The film excels in many areas, including the jokes, which are casual and hilarious, measured and moment-appropriate. New Yorkers will gag slightly over the TriBeCa chic setting, but it feels authentic, and the greater reason for this is that the film seems to be entirely autobiographical. Director Lena Dunham plays a version of herself, and cast her artistic mother as her artistic mother, her sister as her sister, and filmed in their real-life apartment. A momentary aside to laud the remarkable choice of Jemima Kirke, whose performance I so wholly enjoyed I was shocked to learn this was her first film. From the casually amazing oufits to the insane things she says, Kirke's portrayal of best friend Charlotte is part Courtney Love hysterics, partly a waifish British Joanna Newsom, and part my newfound spirit animal. She bursts onto the scene with a heavy slap to the face, and is entirely too fabulous. Rather intentionally, she steals every scene she's in, and makes off with the best lines in the film, including: "On my resume, under skills I put 'has a landline.'" And in one substance-addled moment, drops the little gem: "It's kind of like that book, The Giver, you know, where that kid stores everyone's emotions. [beat] No, it's not like that at all."
It seems entirely obvious to me that the reason the film feels so genuine is because it is created from the stuff of life. Details are noticed and replicated -- the little fights between siblings, the awkward conversations you have with people you work with, the way you say horrible things you immediately regret -- these are all stops along a well-traveled territory. Lena Dunham has directed her family in a movie about themselves, where they are playing themselves. This could be seen as taking self-documentation to an almost embarrassing level, but Dunham has done something more than navel-gaze. She has created an outstanding work that presents an entirely relatable version of one girl's post-grad delirium. Aura is living the sad life of so many people I know, and this is their story.
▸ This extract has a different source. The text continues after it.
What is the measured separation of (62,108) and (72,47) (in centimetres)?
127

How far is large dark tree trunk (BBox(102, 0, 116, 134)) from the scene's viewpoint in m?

The not-pretty smart girls who went to college, got their hearts broken by men they expected to marry, and lost many of the college friends they expected to be friends with forever. Aura is a little awkward and oscillates between trying to obtain control of situations in which she has no control and not caring at all, but ultimately she's fighting the same battle as everyone else, attempting to make deep and satisfying connections with the people around her.
Trying to have a life in a city when you have no money can feel deadly depressing, and the thought of working retail for pennies when you've already spent so much money on what has turned out to be an entirely useless degree is heartbreaking. Since the recession, no one can afford to live on their own and so everyone moves back in with their parents. Aura is a little too forward, a little too willing to over-share in that dark way that everyone who's had the Internet their whole life is. A few nebulous, undefined relationships with boys and a very minor pill dalliance round out the drifting. In one stunning moment Siri asks Charlotte if she feels the same stunning sense of entitlement as Aura, and Charlotte giggles then says, "Oh, believe me, mine is much worse."
Much more like an incredible short story than a tired-out trope of a film, Dunham has created something magical in 98 minutes flat. Though this is an indie film, it lacks the terrible quality that many independent films seem to tout. Artfully shot, and reminiscent at times of a Wes Anderson film (of course), there's plenty of style, smarts, and fun in Tiny Furniture.
Tiny Furniture opened in New York City on November 12 and in Los Angeles on November 26.